La sidra, Asturias en nuestra mesa navideña
No hay mesa de Navidad en la que no falte la botella de champagne o cava para brindar al finalizar. Sobre todo en Nochevieja, con esa vieja tradición tan española de comer las uvas al son de cada campanada. Es quizás uno de los momentos mágicos de esa noche tan especial. Poder brindar por un Año Nuevo, y por una vida mejor. Es la hora de las propuestas, de los deseos y de los proyectos futuros.
Pero no todos lo hacen con champagne ni cava. Seguramente, en cada mesa de Navidad habrá siempre, al menos, una botella de sidra.

El zumo fermentado de la manzana, la sidra, es un producto que se consumía ya en la antigüedad los celtas, los griegos y los romanos. Estrabón ya habló en el año 60 a.C. de un producto similar a la sidra cuando habla de Asturias. Son muchos los documentos que se conservan de la Edad Media en la que se mencionan los pomarales asturianos, como el de la fundación del Monasterio de San Vicente en el año 781, o en los documentos visigodos en los que se habla de la sicer. Incluso, Gonzalo de Berceo la mencionó con su actual término, castellanizado, sizra.
Es el otoño cuando empieza la temporada de la sidra con la recolección de la fruta. Estas se llevan a los lagares donde son prensadas y trituradas. Las manzanas se echan en los duernos donde son machacadas con unos mazos que se llaman mayos. Los restos de la manzana ya triturada o magayos se retiran y se guardan en maseras, unos recipientes de madera donde se dejan antes de ser pisados al día siguiente. Son prensadas entre vigas de maderas y el resultado de esa prensa es el zumo de manzana, una sidra dulce que se deposite en las pipas, unos recipientes de 450 litros. el proceso de prensado dura unos seis o siete días.

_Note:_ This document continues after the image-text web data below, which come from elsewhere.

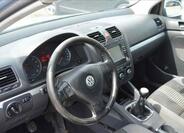 Volkswagen Golf 22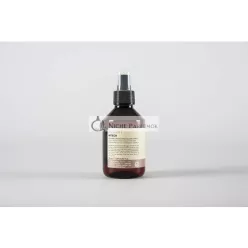 Insight Heat Protection Screen 150ml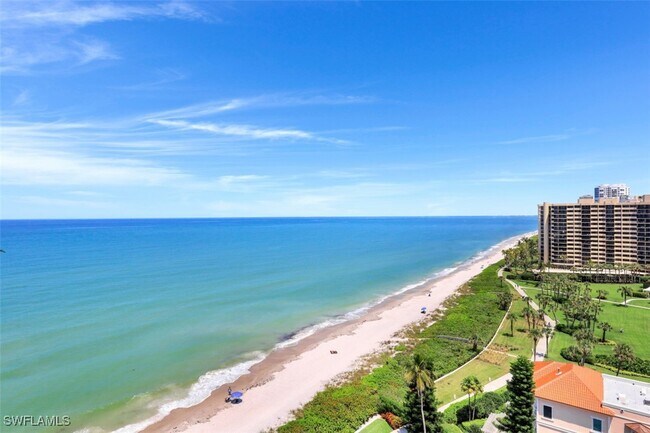 Photo - 3951 Gulf Shore Blvd N Unidad 1203
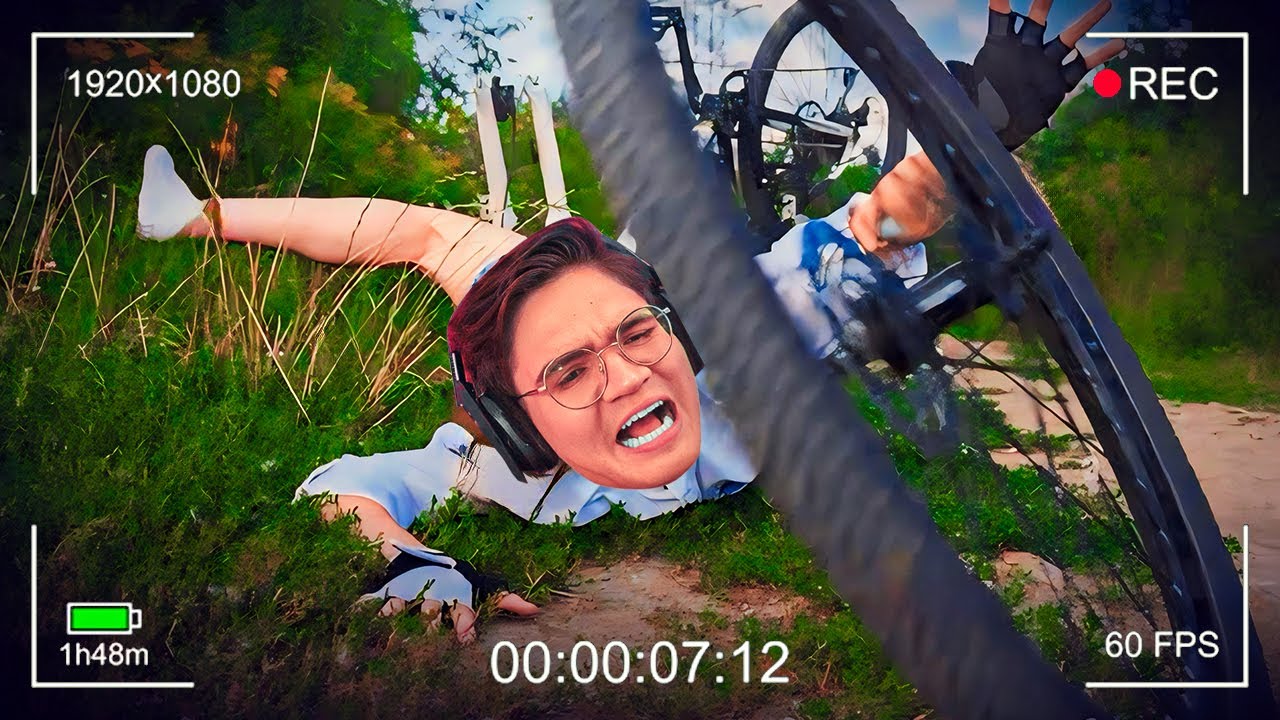 Master Descenders Bike Controls & Tricks - Ultimate Guide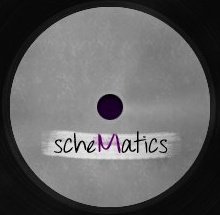 scheMaticsFM's profile picture. scheMatics FM - interdependently owned and operated online radio station - deep dark bass situated between 128bpm - 154bpm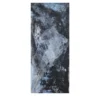 Pittura a Volteggio
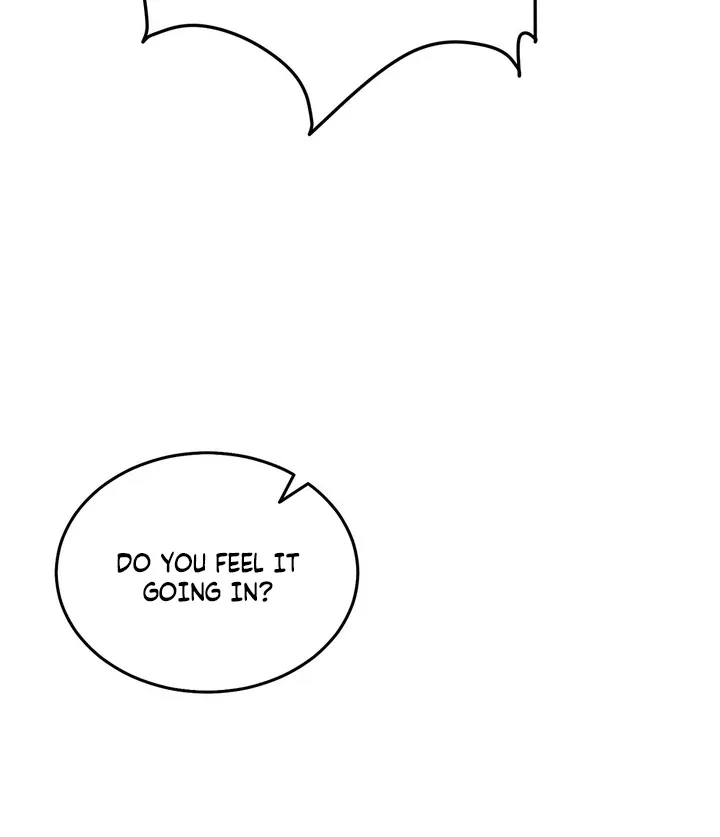 How to abandon you completely Chapter 15 page 70 - 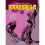 Barbarella 1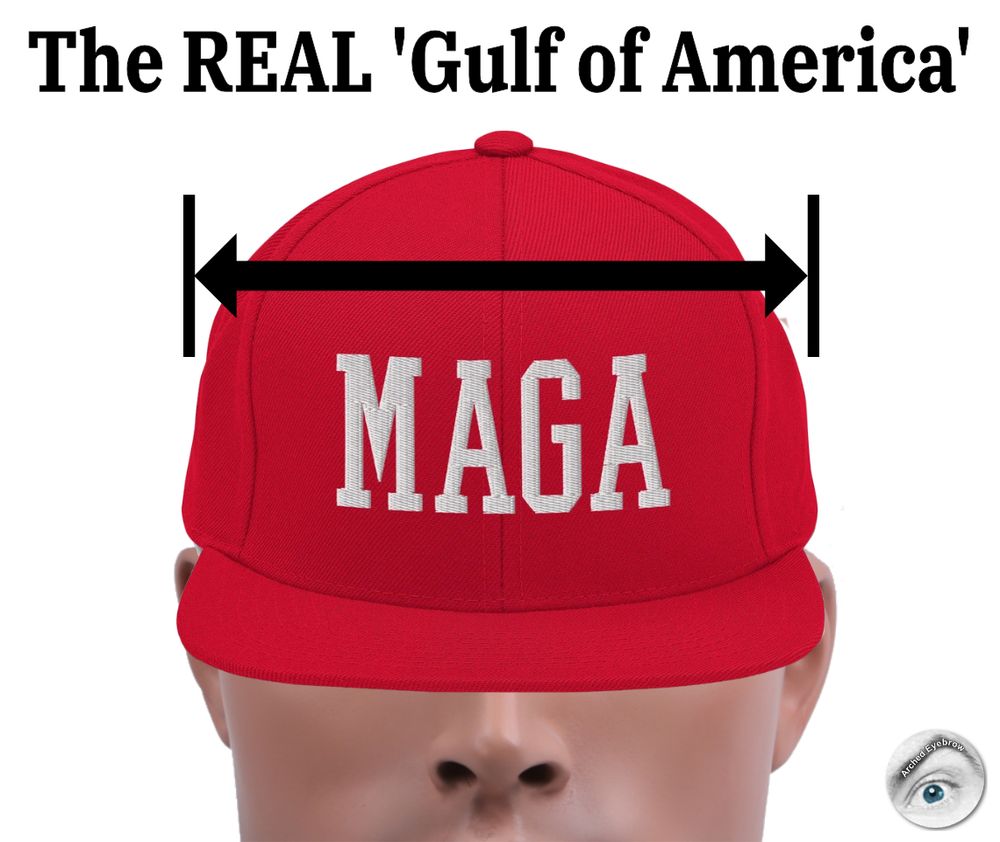 Comment image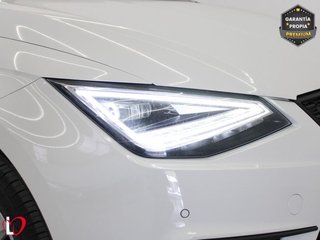 Seat Ibiza 1.0 TSI S&S STYLE XM EDITION 110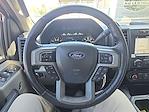 2018 Ford F-150 Super Cab 4x2 Pickup for sale #BP0573A - photo 11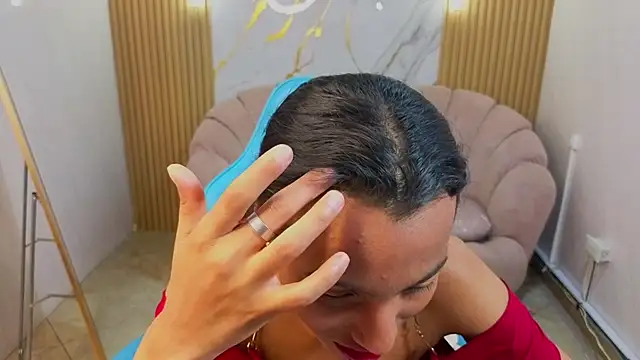  wendy b online show from 12-04-25, 03:05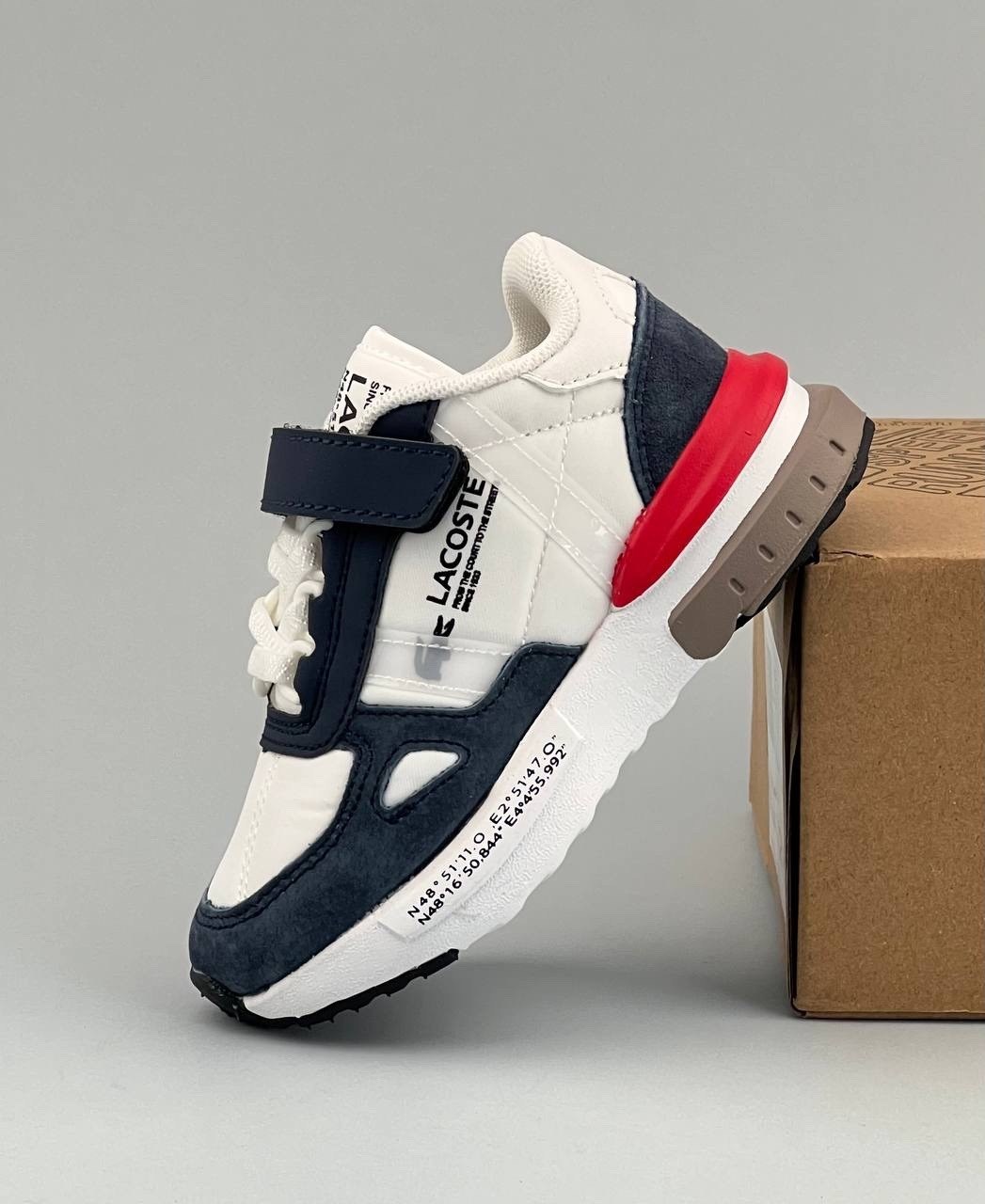 детский  мальчику кроссовки,кроссовки для мальчика,кроссовки детская,детские кроссовки,кроссовка детская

La sidra, depositada en toneles, se mantiene allí unos 6 meses para su fermentación, tiempo en el que constantemente, por la tapa, expulsará los gases y una espuma un tanto sucia. Para evitar que la fermentación se detenga, continuamente hay que andar llenando los toneles en la misma cantidad en que va saliendo ese gas y espuma. Se suele incluso hacer trasiegos, que es mezclar sidras de distintos toneles para obtener una sidra más homogénea.
La sidra natural tiene un color brillante, amarillo, dorado y finamente verdoso, que presenta pequeñas burbujas y un aspecto denso. Al olfato es limpio, a manzana, e incluso algunos componente cítricos. En la fase gustativa, la sidra tiene un sabor seco inicial, pero se prolonga en boca.
La sidra natural es un producto específico para acompañarlo, sobre todo, de mariscos y pescados.
Huelga decirlo, pero la sidra es un producto típico asturiano, donde no se precisa esperar a Navidad para escanciarlo. Y Nava la comarca por excelencia de la sidra. Allí, situada en el mismo centro de Asturias, se encuentra este pequeño concejo, en un ambiente típico de caseríos, de aldeas y prados, de vacas y largos pomarales.
Un lugar que además alberga su principal atracción: el Museo de la Sidra (Ver hoteles en Asturias), donde podremos asistir a todo el proceso de elaboración de la Sidra, así como participar en catas y otras exhibiciones.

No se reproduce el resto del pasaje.